Tuesday, December 06, 2005

i read chris rose's article tonight when i fiiiiiiinally got home from work. you go into reading his articles thinking that he's going to have something witty and insightful to say - with a few quotables. instead, this article literally took my breath away. and i cried for maybe the 3rd time since the storm. the title of the article was "katrina: the storm that keeps on killing." in it, he talks about the next threat to the city, and what might be the next stage of the grieving process for some, unfortunately: suicide.

in my daily exploration of the nola.com blogs, i saw that the article generated a lot of buzz - people who were speechless like me, people who were angry, people who were disappointed that rose would use his space to write something so grave. suicide is scary to me. not because i'm afraid of death, but because it's scary that someone can have no hope. there is always hope. sure right now, it doesn't seem like it. nothing is getting DONE. politicians are arguing. wasting time while people STILL sit without electricity or gas or basic services. trash still sits on the neutral ground. refrigerators still sit on front lawns. neighbors have left. favorite places still remain closed. and of course, very very few things are opened past 10pm. my dad told me definitively that antoine's was NOT going to be open for christmas eve dinner, and that was when i felt like i really lost something. crazy i know. it's just dinner, right? "it's time to make new traditions!" i can hear you say. this way, we'll be able to leave for florida earlier and not have to drive all day on christmas day. (dont' get me started on my feelings about being away for christmas) but still. we've been going to antoine's for as long as i can remember. we sit at the same table every year - between the taylors and the mannings. in the same room with the big christmas tree that always has TONS of silver tinsel. i don't ask much for christmas (i got my snow last year, so it wasn't included in this year's letter to santa), but to have one of our traditions remain when everything else has changed, that would have been nice. so this christmas - no antoine's and no st. patrick's. because of katrina and because of my dad's deeprooted desire to get out of the city now more than ever. that makes me sad.

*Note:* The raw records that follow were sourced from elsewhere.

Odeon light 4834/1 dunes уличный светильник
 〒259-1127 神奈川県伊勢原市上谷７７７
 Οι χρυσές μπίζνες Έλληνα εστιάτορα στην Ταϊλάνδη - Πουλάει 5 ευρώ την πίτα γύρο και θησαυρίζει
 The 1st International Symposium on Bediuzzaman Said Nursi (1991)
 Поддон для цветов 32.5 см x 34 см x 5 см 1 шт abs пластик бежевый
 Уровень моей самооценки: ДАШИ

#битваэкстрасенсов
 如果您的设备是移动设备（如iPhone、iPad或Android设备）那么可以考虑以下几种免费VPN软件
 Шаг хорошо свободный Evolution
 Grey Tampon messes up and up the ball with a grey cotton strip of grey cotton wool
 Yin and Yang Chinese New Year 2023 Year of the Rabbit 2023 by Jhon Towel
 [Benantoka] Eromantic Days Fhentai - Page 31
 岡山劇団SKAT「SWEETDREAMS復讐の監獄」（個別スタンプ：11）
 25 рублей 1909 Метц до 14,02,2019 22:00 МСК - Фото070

sure, it might be DIFFICULT to have hope. but if you don't have hope, what do you really have? i think about that guy in lakeview who lost everything, but bought a generator to hookup his christmas lights. talk about a beacon of light.

i don't think you can explain it to someone "on the outside." i just got back from a weekend in providence - seeing the wonderful people who put up with me and my randomness, and consequently, i guess the people who know me best. and, inevitably, when asked, "how is everything down there?" i think about the GOOD stuff like when rock n bowl and pat o's opened, or the galatoire's block party, or how all the artists are back in jackson square. while that still doesn't convey the sadness that is still in the air, at least it shows that there is hope for us. dr. czech was close to understanding. i went to the czechs' house on saturday afternoon - i had babysat for them for 2 years: 2 beautiful and smart kids, aged 4 and 5. i had dr. czech for chem lab sophomore year, and while chem lab was NOT my thing, we hit it off because of a common love: new orleans. (when i graduated, i gave them a bottle of wine and the river road cookbook.) dr. czech was good about asking tough questions like how it REALLY is down here and how i am REALLY doing. he and his wife seemed to "get it." i promised them that jazz fest was definitely still happening in 2006.